KARIU,N25NEWS.id – Gubernur Maluku Hendrik Lewerissa bersama sejumlah OPD mengunjungi Negeri Kariu di kecamatan Pulau Haruku Kabupaten Maluku Tenga,sekaligus beribadah minggu Bersama masyarakat disana minggu,(18/01) dan berkempatan mengunjungi masyarakat yang masih tinggal di tenda serta rumah-rumah yang belum dibangun.
Kunjungan ini bukan hanya sekadar seremonial, tetapi juga sebagai bentuk kepedulian dan komitmen pemerintah untuk memperbaiki kondisi hunian masyarakat Kariu.
Dalam kunjungannya, Gubernur Lewerissa menyaksikan sendiri kondisi tempat tinggal masyarakat yang sangat memprihatinkan.
“Ini dulu sebagian itu sudah dibangun oleh pemerintah pusat oleh Kementerian PUPR waktu itu. Tapi kan belum selesai,” ujar Lewerissa.
Mengingat banyak warga yang masih tinggal dalam kondisi yang sangat tidak layak, pemerintah provinsi menjadi semakin terdorong untuk mengambil langkah-langkah konkret dalam merespons kebutuhan mendesak mereka.
Gubernur Lewerissa menegaskan pentingnya koordinasi antara pemerintah provinsi dan pusat terkait kelanjutan pembangunan rumah-rumah di Kariu.
“Kalau tidak lagi ditangani oleh pemerintah pusat, maka pemerintah provinsi segera akan merumuskan rencana dan kebijakan yang tepat untuk segera dilakukan pembangunan,” ujar Gubernur.
Dengan begitu hal ini menunjukkan keseriusan pemerintah dalam mencari solusi agar masyarakat yang menjadi korban konflik tidak terus-menerus harus tinggal dalam kondisi yang memprihatinkan.
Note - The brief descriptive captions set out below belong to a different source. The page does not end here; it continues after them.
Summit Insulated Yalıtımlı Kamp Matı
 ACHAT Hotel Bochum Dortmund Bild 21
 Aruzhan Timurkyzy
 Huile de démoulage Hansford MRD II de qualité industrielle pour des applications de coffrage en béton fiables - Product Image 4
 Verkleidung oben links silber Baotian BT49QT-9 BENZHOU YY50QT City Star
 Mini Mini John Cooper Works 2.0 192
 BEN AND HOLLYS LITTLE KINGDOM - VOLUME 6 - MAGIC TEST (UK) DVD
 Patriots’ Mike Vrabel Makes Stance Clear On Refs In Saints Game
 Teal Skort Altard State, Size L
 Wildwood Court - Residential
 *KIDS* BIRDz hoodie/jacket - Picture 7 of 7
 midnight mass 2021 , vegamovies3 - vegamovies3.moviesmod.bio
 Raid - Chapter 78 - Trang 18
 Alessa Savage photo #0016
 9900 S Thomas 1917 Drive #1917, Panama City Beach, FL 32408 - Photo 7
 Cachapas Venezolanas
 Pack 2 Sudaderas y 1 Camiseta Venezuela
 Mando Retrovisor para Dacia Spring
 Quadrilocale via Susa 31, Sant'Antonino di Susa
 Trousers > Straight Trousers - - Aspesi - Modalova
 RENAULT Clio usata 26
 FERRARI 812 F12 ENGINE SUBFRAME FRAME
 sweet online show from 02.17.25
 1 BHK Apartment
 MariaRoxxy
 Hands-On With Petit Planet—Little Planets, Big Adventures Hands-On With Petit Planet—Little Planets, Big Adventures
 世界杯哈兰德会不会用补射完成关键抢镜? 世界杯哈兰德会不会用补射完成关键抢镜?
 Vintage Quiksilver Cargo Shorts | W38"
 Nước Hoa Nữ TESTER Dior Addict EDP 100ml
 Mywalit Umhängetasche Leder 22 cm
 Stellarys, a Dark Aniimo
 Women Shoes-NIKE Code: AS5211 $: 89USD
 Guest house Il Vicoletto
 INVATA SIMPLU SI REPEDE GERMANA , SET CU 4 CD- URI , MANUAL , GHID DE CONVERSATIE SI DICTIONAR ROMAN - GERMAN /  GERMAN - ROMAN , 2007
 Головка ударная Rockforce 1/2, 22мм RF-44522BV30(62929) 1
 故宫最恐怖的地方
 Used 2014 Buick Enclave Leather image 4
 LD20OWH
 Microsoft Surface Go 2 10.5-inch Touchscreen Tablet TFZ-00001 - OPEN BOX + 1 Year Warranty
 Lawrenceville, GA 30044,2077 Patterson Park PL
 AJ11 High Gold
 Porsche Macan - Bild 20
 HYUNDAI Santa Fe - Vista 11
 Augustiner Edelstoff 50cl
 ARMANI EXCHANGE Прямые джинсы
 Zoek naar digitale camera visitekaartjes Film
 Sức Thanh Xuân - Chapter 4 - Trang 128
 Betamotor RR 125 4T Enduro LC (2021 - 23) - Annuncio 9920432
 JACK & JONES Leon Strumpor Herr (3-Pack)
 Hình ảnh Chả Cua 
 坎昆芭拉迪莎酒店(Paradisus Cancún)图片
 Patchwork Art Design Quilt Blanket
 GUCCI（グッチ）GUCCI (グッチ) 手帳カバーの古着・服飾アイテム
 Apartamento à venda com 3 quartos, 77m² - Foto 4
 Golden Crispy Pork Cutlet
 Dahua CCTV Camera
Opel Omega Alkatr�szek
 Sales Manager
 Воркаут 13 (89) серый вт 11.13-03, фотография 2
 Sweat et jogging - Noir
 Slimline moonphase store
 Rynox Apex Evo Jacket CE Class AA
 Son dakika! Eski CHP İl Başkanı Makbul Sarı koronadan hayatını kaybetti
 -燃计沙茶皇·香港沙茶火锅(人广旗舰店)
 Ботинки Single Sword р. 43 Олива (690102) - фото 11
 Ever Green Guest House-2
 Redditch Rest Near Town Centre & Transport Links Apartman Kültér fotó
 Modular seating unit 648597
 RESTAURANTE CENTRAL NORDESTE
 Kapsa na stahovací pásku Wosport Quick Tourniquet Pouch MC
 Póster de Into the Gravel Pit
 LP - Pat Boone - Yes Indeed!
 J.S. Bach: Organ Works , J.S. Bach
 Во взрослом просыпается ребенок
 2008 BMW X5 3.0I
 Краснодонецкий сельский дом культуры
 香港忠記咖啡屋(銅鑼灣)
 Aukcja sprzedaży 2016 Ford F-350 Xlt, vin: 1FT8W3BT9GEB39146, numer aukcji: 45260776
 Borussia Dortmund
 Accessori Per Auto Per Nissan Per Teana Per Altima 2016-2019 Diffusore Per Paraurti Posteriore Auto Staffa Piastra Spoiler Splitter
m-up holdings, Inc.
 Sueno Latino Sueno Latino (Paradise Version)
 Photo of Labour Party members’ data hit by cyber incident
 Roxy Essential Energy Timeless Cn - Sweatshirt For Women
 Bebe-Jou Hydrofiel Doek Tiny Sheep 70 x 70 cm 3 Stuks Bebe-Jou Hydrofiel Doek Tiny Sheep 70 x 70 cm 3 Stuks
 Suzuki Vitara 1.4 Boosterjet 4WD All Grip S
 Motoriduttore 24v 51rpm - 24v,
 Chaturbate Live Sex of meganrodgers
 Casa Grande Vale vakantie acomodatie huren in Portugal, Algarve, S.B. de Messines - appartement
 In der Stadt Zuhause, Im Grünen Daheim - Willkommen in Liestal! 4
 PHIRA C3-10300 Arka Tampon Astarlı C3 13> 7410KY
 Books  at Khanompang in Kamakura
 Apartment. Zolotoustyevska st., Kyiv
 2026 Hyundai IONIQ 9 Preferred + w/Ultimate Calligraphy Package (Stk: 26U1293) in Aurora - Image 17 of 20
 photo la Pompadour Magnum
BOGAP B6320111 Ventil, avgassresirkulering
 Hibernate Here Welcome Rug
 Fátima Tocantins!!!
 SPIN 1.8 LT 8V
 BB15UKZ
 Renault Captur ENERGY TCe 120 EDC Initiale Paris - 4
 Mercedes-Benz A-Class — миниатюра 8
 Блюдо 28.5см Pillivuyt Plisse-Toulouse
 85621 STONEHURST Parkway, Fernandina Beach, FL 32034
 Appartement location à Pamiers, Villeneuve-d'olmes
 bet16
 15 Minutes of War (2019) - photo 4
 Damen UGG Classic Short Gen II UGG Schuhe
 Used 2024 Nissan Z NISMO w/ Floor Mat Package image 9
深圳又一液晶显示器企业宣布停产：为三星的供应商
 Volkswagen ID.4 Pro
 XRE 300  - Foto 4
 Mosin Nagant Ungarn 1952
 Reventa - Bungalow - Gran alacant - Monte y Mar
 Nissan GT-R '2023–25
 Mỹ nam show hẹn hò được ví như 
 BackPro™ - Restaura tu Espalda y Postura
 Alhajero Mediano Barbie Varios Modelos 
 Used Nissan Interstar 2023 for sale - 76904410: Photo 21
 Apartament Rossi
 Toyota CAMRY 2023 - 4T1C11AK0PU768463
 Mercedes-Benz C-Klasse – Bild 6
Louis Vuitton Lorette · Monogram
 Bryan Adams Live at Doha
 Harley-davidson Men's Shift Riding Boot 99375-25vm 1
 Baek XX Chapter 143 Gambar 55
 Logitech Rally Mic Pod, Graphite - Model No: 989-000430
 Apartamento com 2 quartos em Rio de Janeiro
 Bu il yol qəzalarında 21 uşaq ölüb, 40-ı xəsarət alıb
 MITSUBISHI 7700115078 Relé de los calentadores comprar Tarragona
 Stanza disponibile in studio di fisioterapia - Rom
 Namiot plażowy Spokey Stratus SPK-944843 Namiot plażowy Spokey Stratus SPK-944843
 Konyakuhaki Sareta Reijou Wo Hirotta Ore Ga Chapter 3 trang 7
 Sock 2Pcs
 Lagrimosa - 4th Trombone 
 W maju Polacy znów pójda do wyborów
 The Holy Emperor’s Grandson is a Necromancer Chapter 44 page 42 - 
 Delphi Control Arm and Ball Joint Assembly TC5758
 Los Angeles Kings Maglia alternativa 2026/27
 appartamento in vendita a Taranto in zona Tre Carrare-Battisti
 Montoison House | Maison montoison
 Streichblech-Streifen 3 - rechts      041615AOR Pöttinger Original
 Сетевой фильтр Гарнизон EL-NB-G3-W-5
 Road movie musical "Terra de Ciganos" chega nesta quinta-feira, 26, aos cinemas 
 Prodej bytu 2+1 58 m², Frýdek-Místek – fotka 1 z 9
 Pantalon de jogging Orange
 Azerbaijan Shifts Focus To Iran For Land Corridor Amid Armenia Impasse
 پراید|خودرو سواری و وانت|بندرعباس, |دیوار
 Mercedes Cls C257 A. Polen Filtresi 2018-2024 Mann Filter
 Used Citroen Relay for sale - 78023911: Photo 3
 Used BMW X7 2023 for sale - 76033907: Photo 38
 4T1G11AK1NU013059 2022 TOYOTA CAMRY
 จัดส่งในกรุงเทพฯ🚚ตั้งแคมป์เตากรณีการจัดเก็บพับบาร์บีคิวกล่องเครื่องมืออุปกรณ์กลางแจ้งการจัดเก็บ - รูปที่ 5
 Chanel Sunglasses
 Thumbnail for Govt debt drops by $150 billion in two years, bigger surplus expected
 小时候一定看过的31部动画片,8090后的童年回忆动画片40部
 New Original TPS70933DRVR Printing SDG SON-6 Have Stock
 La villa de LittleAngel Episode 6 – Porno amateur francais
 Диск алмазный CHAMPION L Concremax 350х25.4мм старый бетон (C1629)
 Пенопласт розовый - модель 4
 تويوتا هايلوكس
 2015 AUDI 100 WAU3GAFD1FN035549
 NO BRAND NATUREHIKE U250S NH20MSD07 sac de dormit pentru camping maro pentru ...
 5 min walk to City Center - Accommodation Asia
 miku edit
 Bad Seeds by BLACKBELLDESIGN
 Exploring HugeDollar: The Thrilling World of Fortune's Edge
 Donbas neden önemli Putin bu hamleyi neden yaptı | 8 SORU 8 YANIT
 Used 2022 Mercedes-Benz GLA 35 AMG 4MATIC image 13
Di samping itu, Lewerissa menambahkan bahwa pemerintah provinsi telah menjalankan program “Manggurebe Bikin Bai Rumah” yang ditargetkan untuk menyelesaikan pembangunan 204 unit rumah pada tahun 2025 kemarin.
Ini merupakan langkah awal sebelum melanjutkan program serupa di tahun 2027 dengan jumlah yang lebih besar. Di sinilah harapan baru bagi masyarakat Kariu untuk mendapatkan rumah yang layak huni.
Dalam upayanya untuk merealisasikan pembangunan ini, Gubernur Lewerissa meminta dukungan dari masyarakat. Ia berharap agar masyarakat dapat memberikan bantuan dan partisipasi, terutama bagi keluarga yang rumahnya akan dibangun.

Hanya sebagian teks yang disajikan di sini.